2023年戛纳电影宫外景。本届戛纳电影节的官方海报人物为凯瑟琳·德纳芙。这张照片是电影《狂乱》( La Chamade,1968年)的片场照片
事实上,在男女平权和为女性导演提供事业发展机会方面,法国人向来都要比美国人做得更好一些。据法国电影局新近给出的数据,2022年获得法国政府补助拍摄完成的208部电影中,有三分之一(69部)是女性导演作品,创下新的纪录;对比十年前的2013年时的四分之一,着实有了长足进步。而在这69部女性导演作品中,制作成本最高的正是麦温的《杜巴利伯爵夫人》,约合2240万美元。
当然,整体而言,即便是在法国,女性导演出头的机会相比男性同行,依然显得较少,而且女性导演作品的平均制作成本,也远低于男性导演作品;而今年的法国电影恺撒奖也因为最佳导演提名者皆为男性,受到外界不小批评。

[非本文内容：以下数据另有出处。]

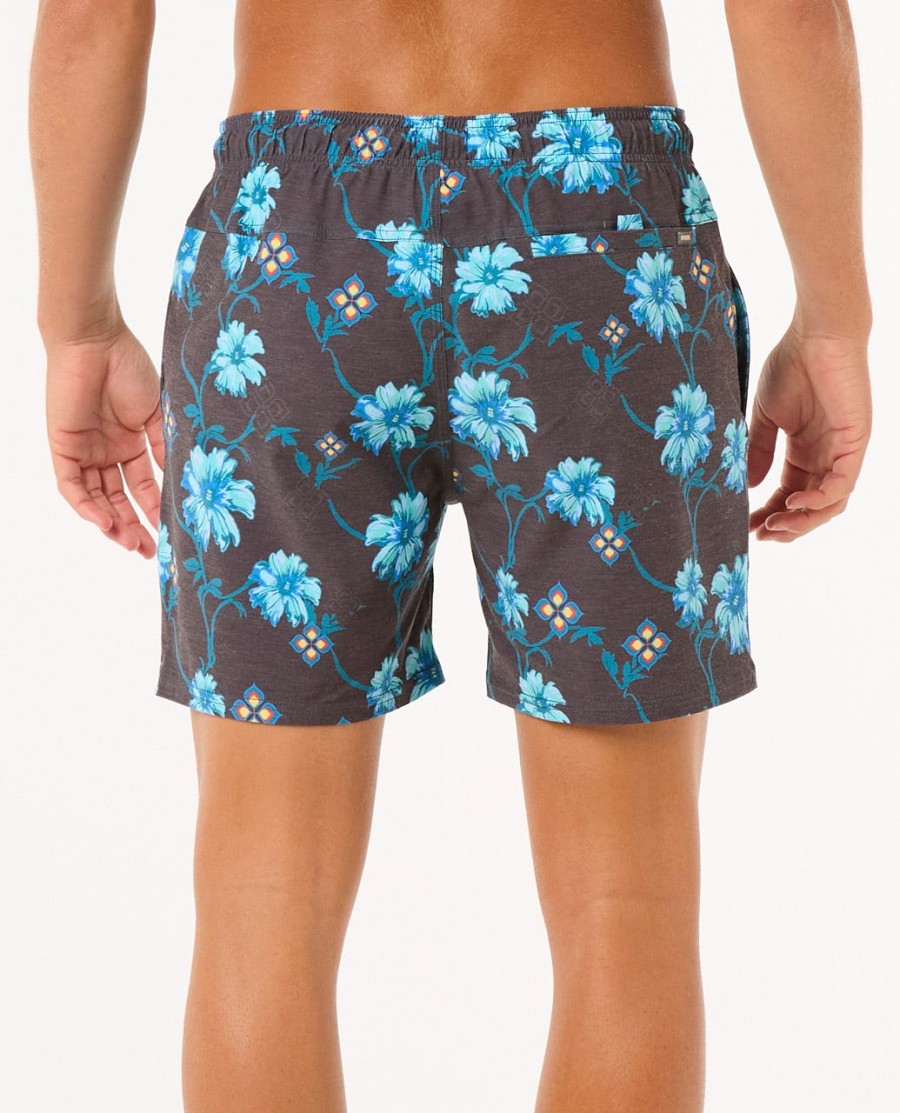 surf revival floral volley 16 quot boardshorts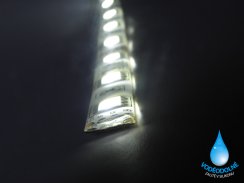 LED páska SMD5050, studená bílá, 12V, 1m, IP54, 60 LED/m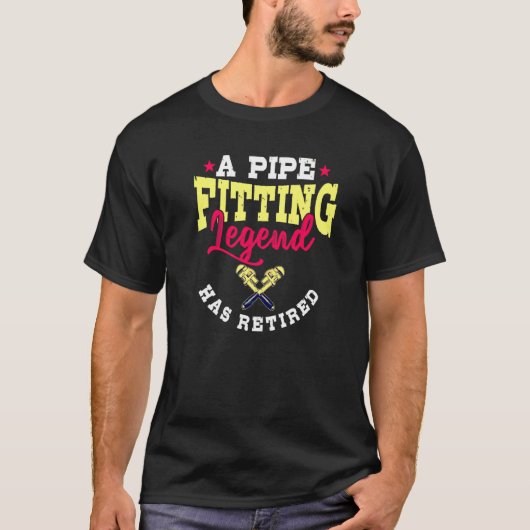 Pipefitter Gifts Plumber Remoe Pipet Fitting Lege T-shirt (Voorkant)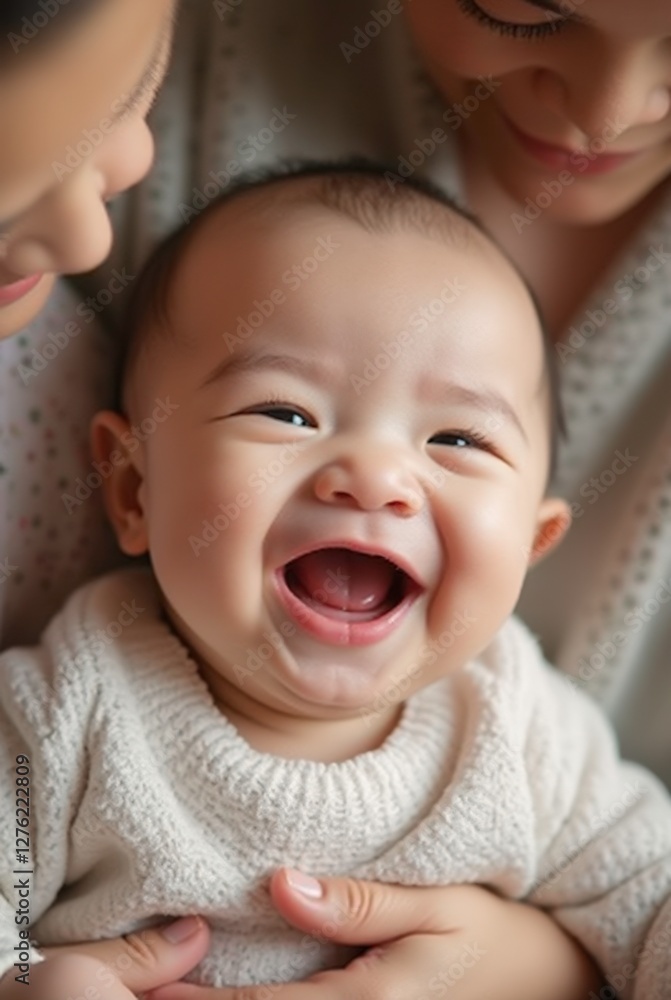 A close-up portrait of a Chinese baby with soft, chubby cheeks and expressive eyes A close-up portrait of a Chinese baby with soft, chubby cheeks and expressive eyes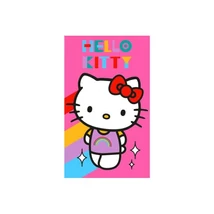 Hello Kitty Rainbow kéztörlő, arctörlő, törölköző 30x50 cm
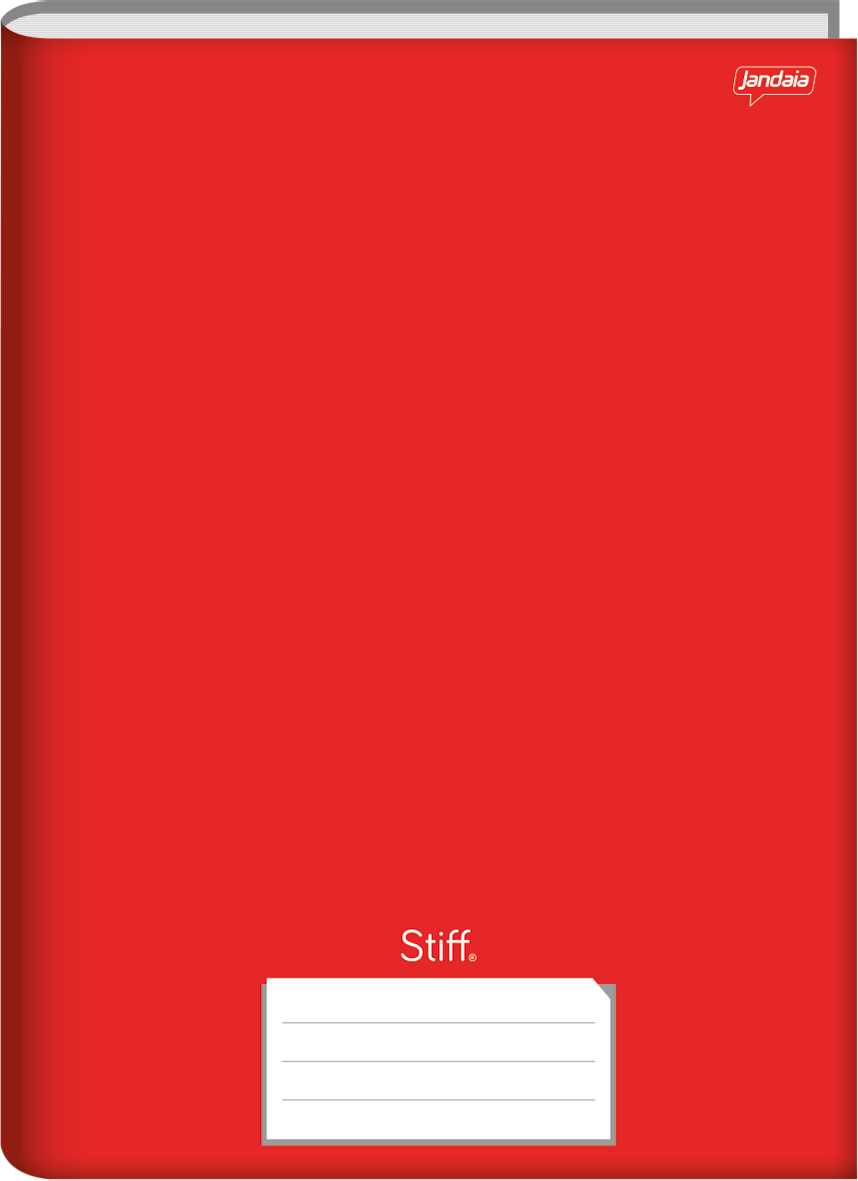 Caderno Jandaia Universitario Stiff Cd Cost 80fls Vermelho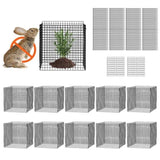 VEVOR 10 Pack Plant Protector from Animals 305 mm x 305 mm Metal Plant Cage V952-QBWZCL12YCHS5IV6FV0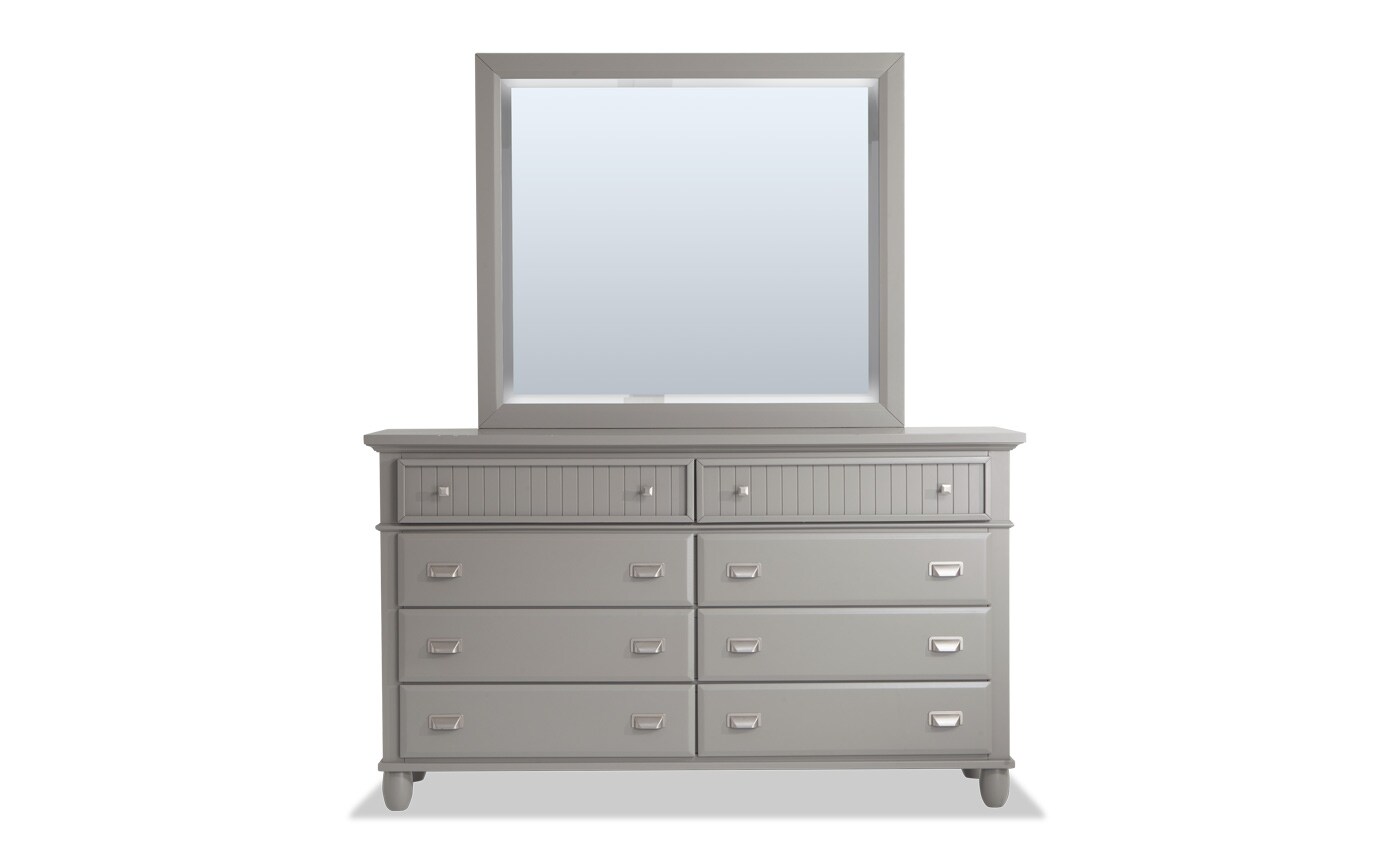 Spencer Gray Dresser Mirror Bobs Spencer Gray Dresser Mirror Bobs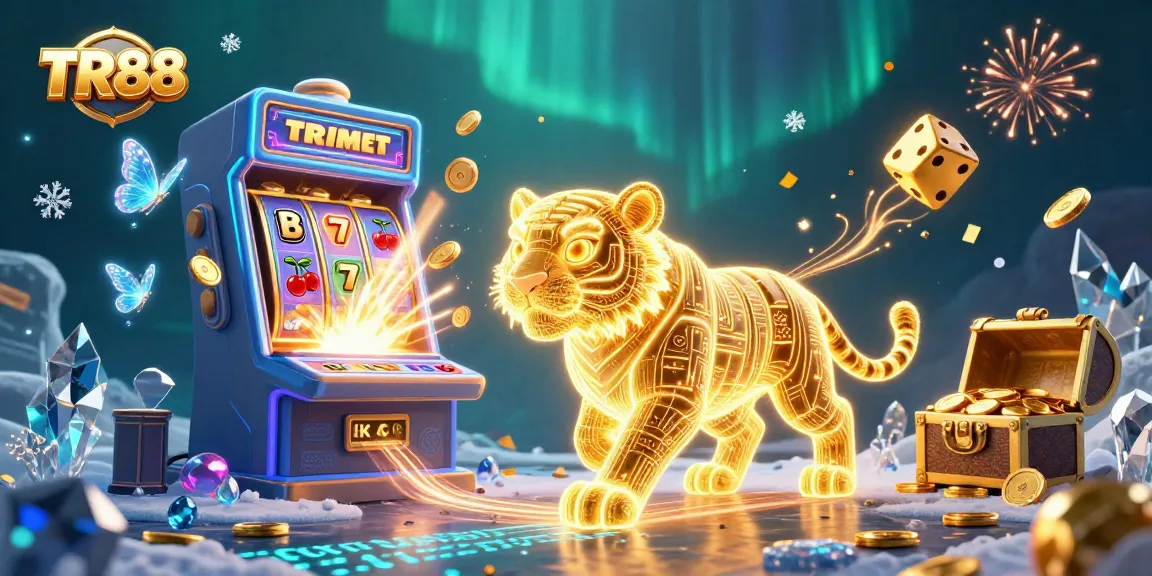 Experience the exciting world of TR88 with a vibrant digital casino scene filled with jackpot thrills and energetic vibes.
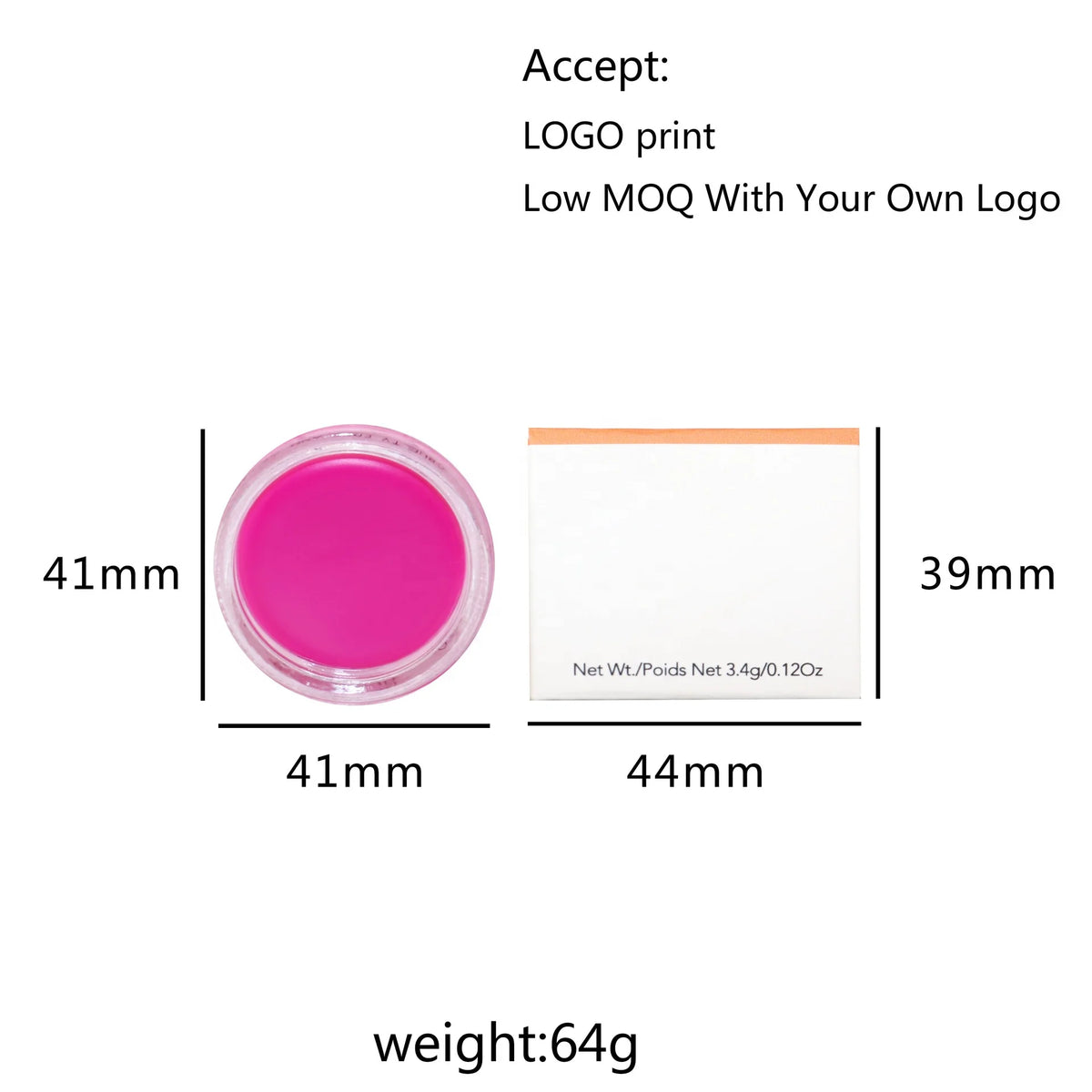 professional cream blush 6 color blusher cruelty free waterproof blush makeup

法国电影局同时公布的另一项数据,或许更能说明问题所在。从2003年至2022年的近二十年间,执导过至少一部电影的法国女性导演,达到628人,对比1832名男性导演,约为三分之一的比例。但问题在于,这628人中,只有22人执导过两部以上的电影作品,剩余606名女导演,都在拍完自己的唯一或者唯二的作品后,便从导演岗位上失踪了。而男性导演的话,二十年间拍过两部以上电影的人,则多达138位,是女性导演的六倍。
再进一步分析,在这近二十年间,执导过十部以上电影的男性导演和女性导演人数之比,更是达到了13:1——只有安妮·芳婷(Anne Fontaine)这么一位女性导演在这段时间里执导了包括《时尚先锋香奈儿》《新包法利夫人》在内的共12部作品。